- _Your instructions_
Look below for the line that has "黑幫千金養成記第15話". Set down the lines from there through the line that has "Honda Oil Pressure", exactly as written.

- _Data_
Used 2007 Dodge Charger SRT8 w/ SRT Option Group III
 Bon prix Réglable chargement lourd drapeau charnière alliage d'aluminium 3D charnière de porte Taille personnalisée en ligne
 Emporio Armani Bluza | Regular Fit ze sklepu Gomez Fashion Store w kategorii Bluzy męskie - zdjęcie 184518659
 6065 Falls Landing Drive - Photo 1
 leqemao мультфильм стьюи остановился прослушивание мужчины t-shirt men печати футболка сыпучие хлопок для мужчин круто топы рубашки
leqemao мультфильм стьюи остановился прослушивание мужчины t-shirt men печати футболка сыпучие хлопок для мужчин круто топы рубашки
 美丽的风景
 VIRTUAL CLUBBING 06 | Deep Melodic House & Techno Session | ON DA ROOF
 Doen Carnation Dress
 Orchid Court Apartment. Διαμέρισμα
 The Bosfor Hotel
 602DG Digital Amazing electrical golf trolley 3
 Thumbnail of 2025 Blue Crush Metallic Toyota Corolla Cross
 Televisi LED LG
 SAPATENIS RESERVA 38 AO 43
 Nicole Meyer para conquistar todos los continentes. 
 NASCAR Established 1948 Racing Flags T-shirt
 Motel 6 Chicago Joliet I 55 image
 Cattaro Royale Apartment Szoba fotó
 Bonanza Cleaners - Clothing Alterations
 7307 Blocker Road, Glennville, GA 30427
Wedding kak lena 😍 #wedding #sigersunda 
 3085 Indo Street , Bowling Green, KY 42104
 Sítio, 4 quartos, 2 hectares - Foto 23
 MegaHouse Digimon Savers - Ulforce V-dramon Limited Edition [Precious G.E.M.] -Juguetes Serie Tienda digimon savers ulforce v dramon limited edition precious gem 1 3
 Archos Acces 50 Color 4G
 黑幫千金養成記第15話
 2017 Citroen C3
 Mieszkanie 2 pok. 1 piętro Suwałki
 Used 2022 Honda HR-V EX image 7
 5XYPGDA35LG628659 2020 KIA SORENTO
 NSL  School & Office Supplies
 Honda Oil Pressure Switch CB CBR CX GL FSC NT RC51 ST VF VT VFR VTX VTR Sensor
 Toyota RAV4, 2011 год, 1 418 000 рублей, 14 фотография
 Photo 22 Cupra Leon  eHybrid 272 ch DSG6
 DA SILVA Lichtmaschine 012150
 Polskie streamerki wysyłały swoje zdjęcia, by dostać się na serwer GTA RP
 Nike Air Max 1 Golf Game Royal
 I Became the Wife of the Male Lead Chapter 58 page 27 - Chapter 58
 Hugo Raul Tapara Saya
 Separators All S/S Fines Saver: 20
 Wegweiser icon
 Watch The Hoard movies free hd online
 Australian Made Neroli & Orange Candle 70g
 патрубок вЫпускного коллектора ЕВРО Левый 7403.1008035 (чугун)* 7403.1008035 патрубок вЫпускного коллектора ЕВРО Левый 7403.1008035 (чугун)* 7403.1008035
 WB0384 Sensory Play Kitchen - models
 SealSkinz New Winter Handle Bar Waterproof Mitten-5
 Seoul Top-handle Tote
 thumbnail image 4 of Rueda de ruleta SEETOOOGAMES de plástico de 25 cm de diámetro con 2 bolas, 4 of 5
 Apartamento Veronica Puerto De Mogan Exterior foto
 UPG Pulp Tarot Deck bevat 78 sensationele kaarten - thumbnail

- _Solution for this task_
 黑幫千金養成記第15話
 2017 Citroen C3
 Mieszkanie 2 pok. 1 piętro Suwałki
 Used 2022 Honda HR-V EX image 7
 5XYPGDA35LG628659 2020 KIA SORENTO
 NSL  School & Office Supplies
 Honda Oil Pressure Switch CB CBR CX GL FSC NT RC51 ST VF VT VFR VTX VTR Sensor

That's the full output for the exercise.